Wichtig auch unsere im Stadtraum platzierten Großprojekte wie das internationale Straßentheaterfest, Picknickwiesen auf Brachen, den Kunstlandstrich oder zahlreiche Projekte zum Stadtumbau oder zum demografischen Wandel.
Andererseits ist dieses Haus auch als Bürgerzentrum konzipiert. Das heißt, dass wir als Kufa neben der Veranstalterfunktion auch als Verwalter des Zentrums auftreten. Das machen wir auch, indem wir Privatveranstaltungen, wie Hochzeiten und Ähnliches zulassen. Wir haben in der Zwischenzeit über 80 Partner, die das Haus mitnutzen, ob es die RAA, der Gundermanns Seilschaft e.V. oder die Musikschule Bischof sind. Die mieten sich hier ein oder schließen mit uns eine Kooperation ab. Das führt eben auch zu eine Breite an Publikum. Für den Stadtsportbund haben wir zum Beispiel eine tolle Ehrenamtsveranstaltung mit Theater gemacht. Die Sportler sagten uns am Ende, dass sie jede Sporthalle in der Stadt kennen würden, aber nicht die Kufa. Und so kommen wir auch an neues Klientel heran. Wir haben viele Familienangebote, sogar eine Kinderkrabbelgruppe haben wir. Mitmieter im Haus sind das NATZ, das eigene Kinder- und Jugendarbeit im naturwissenschaftlichen Bereich macht und die Touristinformation – dadurch finden uns auch die Touristen.

 

Wie sehr wird euch der bevorstehende Strukturwandel treffen?

Ich empfinde das nicht als so belastend. Wir befinden uns seit der Wende im permanenten Strukturwandel. Wir haben den Weggang von über 30.000 Menschen überstanden – mehr Struktur kann man nicht wandeln. Ich finde es auch wichtig, den Ausstieg langfristig anzusetzen. Das ist eine planbare Zeit. Durch das viele Geld, das nun hoffentlich auch kommen wird, kann sicher eine Menge abgefangen werden. Das wird nicht unser Problem sein. Unser Problem wird eher die Altersstruktur der Stadt sein – wenn es uns nicht gelingt, einen größeren Zuzug und eine Stabilität in der Einwohnerzahl hinzubekommen, wenn uns in den nächsten Jahren die 70-, 80-, 90-Jährigen davonsterben, wird es schwer, die ausbleibenden Pro-Kopf-Zuschüsse vom Land und die fehlenden Steuermittel zu kompensieren. Dann steht die Frage im Raum, kann sich eine Stadt, wie Hoyerswerda eine solche Einrichtung überhaupt noch leisten?
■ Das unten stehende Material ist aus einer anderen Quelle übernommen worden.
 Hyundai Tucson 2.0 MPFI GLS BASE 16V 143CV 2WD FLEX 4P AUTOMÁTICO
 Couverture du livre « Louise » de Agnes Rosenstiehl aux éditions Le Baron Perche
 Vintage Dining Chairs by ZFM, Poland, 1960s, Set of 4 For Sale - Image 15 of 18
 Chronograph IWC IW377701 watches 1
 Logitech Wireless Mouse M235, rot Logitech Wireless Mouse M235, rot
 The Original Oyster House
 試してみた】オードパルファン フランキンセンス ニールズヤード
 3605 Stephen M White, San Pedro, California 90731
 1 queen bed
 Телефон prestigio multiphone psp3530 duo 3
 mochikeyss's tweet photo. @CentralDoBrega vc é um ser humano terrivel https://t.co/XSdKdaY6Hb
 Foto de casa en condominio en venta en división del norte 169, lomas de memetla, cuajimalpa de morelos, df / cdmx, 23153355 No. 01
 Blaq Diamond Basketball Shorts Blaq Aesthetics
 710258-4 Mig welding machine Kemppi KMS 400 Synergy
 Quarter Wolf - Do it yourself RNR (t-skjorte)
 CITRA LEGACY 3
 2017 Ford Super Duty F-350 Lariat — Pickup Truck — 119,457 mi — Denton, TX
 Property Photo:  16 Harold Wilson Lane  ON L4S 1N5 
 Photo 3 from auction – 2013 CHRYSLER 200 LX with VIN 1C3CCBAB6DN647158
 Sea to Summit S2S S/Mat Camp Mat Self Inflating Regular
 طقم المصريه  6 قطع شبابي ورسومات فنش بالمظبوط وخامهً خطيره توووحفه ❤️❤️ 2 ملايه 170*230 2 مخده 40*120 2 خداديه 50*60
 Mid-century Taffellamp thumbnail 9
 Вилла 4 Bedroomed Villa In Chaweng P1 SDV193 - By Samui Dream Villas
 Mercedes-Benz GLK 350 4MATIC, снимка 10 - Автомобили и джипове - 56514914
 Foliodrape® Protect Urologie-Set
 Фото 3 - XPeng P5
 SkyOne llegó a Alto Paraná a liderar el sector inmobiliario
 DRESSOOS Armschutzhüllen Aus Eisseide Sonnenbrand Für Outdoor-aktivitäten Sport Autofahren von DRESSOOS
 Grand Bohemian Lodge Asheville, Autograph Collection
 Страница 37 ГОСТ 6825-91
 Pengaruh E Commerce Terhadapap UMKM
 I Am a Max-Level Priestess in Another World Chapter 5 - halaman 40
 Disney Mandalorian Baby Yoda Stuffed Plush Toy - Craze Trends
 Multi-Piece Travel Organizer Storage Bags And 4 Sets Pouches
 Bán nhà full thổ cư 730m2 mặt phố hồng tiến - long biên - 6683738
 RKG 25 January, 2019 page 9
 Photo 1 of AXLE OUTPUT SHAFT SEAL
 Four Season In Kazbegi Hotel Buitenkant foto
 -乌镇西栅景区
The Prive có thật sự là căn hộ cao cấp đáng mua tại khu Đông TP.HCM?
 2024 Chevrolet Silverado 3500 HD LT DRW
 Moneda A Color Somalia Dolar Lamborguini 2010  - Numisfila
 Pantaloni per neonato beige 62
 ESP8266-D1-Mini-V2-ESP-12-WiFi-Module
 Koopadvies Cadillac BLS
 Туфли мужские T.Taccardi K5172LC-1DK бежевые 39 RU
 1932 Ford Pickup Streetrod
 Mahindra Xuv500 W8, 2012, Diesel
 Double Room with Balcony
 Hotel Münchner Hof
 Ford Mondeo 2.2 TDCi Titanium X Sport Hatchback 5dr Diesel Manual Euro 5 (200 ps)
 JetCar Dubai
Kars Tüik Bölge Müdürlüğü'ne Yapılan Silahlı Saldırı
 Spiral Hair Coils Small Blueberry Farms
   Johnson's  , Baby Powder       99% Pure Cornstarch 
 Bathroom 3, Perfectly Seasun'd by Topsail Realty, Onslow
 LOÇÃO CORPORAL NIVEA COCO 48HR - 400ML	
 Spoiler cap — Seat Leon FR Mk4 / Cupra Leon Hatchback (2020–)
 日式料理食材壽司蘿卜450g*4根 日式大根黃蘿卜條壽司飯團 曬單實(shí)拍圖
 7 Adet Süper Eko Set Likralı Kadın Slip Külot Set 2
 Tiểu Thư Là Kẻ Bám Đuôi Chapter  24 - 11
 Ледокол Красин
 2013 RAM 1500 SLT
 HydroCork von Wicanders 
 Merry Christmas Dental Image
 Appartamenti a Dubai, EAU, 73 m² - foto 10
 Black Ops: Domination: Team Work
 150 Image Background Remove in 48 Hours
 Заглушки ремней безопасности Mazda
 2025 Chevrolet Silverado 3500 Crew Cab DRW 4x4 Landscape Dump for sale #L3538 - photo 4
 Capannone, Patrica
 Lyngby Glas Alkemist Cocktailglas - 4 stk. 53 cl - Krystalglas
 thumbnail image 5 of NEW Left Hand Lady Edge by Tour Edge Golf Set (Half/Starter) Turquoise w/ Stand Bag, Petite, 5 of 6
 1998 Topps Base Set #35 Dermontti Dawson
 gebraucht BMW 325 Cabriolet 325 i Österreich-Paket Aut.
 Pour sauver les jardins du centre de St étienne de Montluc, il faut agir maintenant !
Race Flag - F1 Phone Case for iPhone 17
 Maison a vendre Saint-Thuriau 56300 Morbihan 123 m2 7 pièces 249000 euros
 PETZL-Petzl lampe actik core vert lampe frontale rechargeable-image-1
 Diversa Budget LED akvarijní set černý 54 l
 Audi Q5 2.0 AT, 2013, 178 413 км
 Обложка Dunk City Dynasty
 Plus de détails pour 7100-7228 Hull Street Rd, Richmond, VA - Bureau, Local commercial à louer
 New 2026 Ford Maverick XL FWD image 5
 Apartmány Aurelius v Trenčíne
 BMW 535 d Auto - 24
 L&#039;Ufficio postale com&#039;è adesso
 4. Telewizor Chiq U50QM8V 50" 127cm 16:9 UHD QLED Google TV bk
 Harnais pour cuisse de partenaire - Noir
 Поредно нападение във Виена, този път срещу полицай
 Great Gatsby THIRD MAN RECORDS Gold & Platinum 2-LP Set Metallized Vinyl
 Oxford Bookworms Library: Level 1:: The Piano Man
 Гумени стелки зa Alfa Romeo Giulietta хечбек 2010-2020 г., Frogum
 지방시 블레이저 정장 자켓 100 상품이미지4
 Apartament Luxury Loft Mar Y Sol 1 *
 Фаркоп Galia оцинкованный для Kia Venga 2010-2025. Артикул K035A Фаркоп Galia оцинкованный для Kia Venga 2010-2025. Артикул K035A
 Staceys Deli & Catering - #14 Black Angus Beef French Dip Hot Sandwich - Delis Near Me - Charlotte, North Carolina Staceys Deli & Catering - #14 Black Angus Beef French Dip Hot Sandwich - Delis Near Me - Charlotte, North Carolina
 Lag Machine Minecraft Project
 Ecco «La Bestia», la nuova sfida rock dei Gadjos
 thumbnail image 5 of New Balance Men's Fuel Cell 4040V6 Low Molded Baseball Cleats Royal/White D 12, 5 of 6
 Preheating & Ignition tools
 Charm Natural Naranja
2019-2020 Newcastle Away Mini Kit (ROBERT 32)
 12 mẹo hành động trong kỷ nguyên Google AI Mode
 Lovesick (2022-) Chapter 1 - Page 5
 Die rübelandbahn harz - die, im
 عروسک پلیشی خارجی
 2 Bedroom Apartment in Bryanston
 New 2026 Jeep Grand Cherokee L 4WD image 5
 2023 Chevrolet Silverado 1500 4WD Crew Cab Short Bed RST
Unsere Infrastruktur ist zurzeit großartig, ob es Kultur, Bildung oder Soziales ist. Es ist alles gut vorhanden. Auch Wohnraum ist genügend da. Dazu das entstehende Seenland. Aber es fehlen uns die jungen Menschen, die diese Stadt weiterhin beleben könnten. Das muss sich rumsprechen. Zum Beispiel durch die Rückkehrerinitiativen oder andere Projekte. Wenn man bedenkt, wie schwer es ist, in den Großstädten Wohnraum und Kita-Plätze zu bekommen, ist doch eine Kleinstadt wie Hoyerswerda eher lebenswert. Zumal es nun auch im Umland Arbeitsplätze geben wird, müsste Hoyerswerda eigentlich wieder attraktiv sein. Ich würde nie hier weggehen wollen. In 40 Minuten bin ich in Cottbus im Theater oder in Dresden, Bautzen – man weiß gar nicht, was man zuerst machen soll, wenn man diese Angebote schon wahrnehmen würde und das schaffe ich nicht, weil wir hier genug machen.

 

Wenn Du Dir etwas wünschen könntest…?

Eine bessere finanzielle Ausstattung wäre schön. Wir arbeiten hier alle an der Schmerzgrenze. Die Mitarbeiter haben einen Tarif von 2012. Seitdem gab es keine Erhöhung mehr. Das ist eigentlich alles nicht mehr tragbar in der heutigen Zeit. Wenn bei mir eine, einer weggehen würde, könnte ich bei der Bezahlung gar keinen Neuen mehr einstellen. 25 Jahre ist eine lange Zeit, bis 30 werden wir das schon noch gern machen,  aber man muss sich schon mal ein bisschen umgucken.